Georgia Tech Yellow Jackets

This would have been a laughable call 12 months ago—and some of you bozos will laugh now—but head man Brent Key has the Jackets playing their best ball in…a couple decades? Tech did lose defensive coordinator Tyler Santucci to the NFL (he’s now the Ravens’ linebackers coach—decent defensive staff there) and big-play wideout Eric Singleton to Auburn via the portal (for a gold Trans-Am and a lifetime discount on YellaWood), but that doesn’t change the fact that the Jackets are coming off a season in which they initiated Florida State’s calamitous downward slide, knocked off a then-undefeated Miami, and probably should have beaten in-state rival Georgia in an insane, eight-overtime thriller. This program’s hallmark under Key has become an almost military academy style of effort and physicality that's a great foundation for any football team. Tech returns the Haynes Your Way duo of quarterback Haynes King and stud tailback Jamal Haynes (credit to noted hipster podcast The Solid Verbal for that one), and if Key is successful in retooling the offensive line—and if the Jackets are able to spring an upset in week three against Clemson or even play the Tigers close—I see this as a team likely to be in the hunt for a playoff spot well into the holidee season. -Burt

Arizona State Sun Devils

Skattebo, Skattebo, wherefore art thou Skattebo?

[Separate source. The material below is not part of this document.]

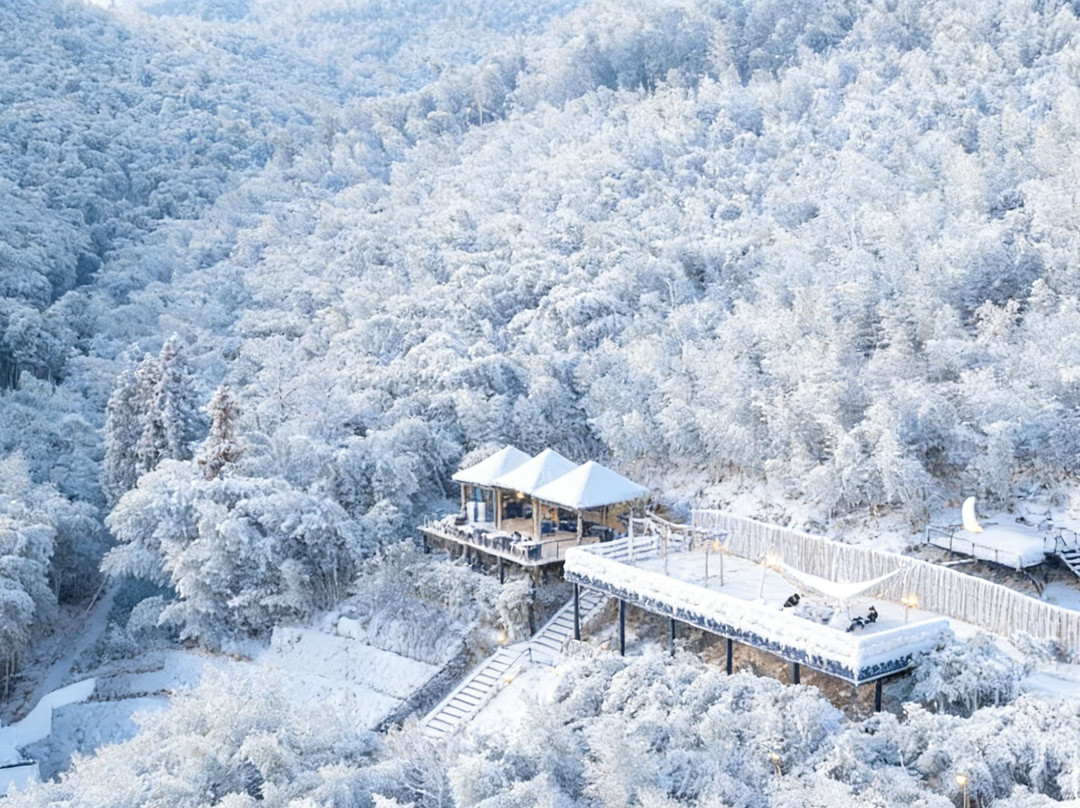 莫干山木木青舍·星空观景露营亲子度假美宿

Nobody in the country returns more starters than Arizona State, but can lightning strike twice for the Sun Devils without the soul that carried them—literally and figuratively—to the brink of the final four? Jordyn Tyson might be the best receiver in the country not named Jeremiah Smith, and 35-year old Coach D is out to prove ASU wasn’t just a one pump chump. -Badger

South Carolina Gamecocks

After a 3-3 start in ‘24 that included heartbreaking losses to LSU and Alabama and a blowout loss to Ole Miss, TTM firmly (and fairly!) planted Lil’ Beamer’s ass on the hot seat. The Gamecocks responded by rattling off six wins in a row—including a road upset at playoff-bound Clemson—to finish 9-3, before dropping a close one to Illinois in the Cheez-It Citrus Bowl. That bowl loss and, probably more importantly, the offseason loss of a bevy of defensive starters to the NFL has cooled the hype around this bunch somewhat, but it don't stay cool in the Midlands for long...South Carolina comes into the season ranked for the first time in 11 years, as young guns LaNorris Sellers and Dylan Stewart (is he old enough to vote?) look to recreate some of that late-2024 magic. But given the schedule, and given the 14 (!) 'Cocks from last year's roster who are now competing for NFL roster spots, I feel like they're gonna have their work cut out for them to stay in the Top 25. With a second half that includes bouts with LSU, Oklahoma, Alabama, Mississippi, Texas A&M, and Clemson (Jesus...), I have trouble seeing the Gamecocks winning 9 games again this year, but I’ll be watching to see if dynamic young playmakers like Sellers and Stewart can prove me wrong once again. -Chim

Kansas State Wildcats

This one's pretty simple: I'm a sucker for a Chris Klieman-led K-State team. These guys have won 10, 9, and 9 games over the past three seasons, and they return key pieces like quarterback Avery Johnson and running back Dylan Edwards from a team that was fairly dominant (+72 yards per game) in Big 12 play. If they can get past a feisty Iowa State bunch in a week zero Farmaggedon matchup in Dublin, I like the Wildcats to remain in the playoff hunt well into November. -Burt

Auburn Tigers

We'll keep this one brief (because it's the last one I'm writing...): Auburn boosters turned off spigot to the Tigers' '26 recruiting class this summer in a pretty clear signal that this season is put up or shut up time for Hugh Freeze. Here's what the good Baptist has going in his favor: This is easily the deepest, most talented roster he's had in his time on the Plains. Here's what's probably keeping him on his office phone deep into the night: Quarterback Jackson Arnold essentially fell apart at Oklahoma last season, and the Tigers face a three-game stretch of at Oklahoma, at Texas A&M, and Georgia beginning in mid-September. The Plainseagles will need to have their shit together early, or these crazies will likely be looking for a new coach by the end of November. IF THEY DO THOUGH, and if Arnold thrives in Freeze's quarterback-friendly system, this team is talented enough to bang against a tough SEC slate. -Burt

Huge Freeze once coordinated an offense from a hospital bed...you think he's gonna let some hatin' ass boosters get him down??
Huge Freeze once coordinated an offense from a hospital bed...you think he's gonna let some hatin' ass boosters get him down??

Illinois

What a time to be Bret Bielema! After shit talkin’ South Carolina coach Shane Beamer on his way to a Cheez-It Citrus Bowl trophy, Bielema and Illinois return a Big Ten-leading 16 starters from last year’s 10-3 squad. Ranked #12 with a favorable schedule, you might expect Coach to be dialed in for an opportunity to take his team—and his career—to a new level…but this is Bret Bielema we’re talking about!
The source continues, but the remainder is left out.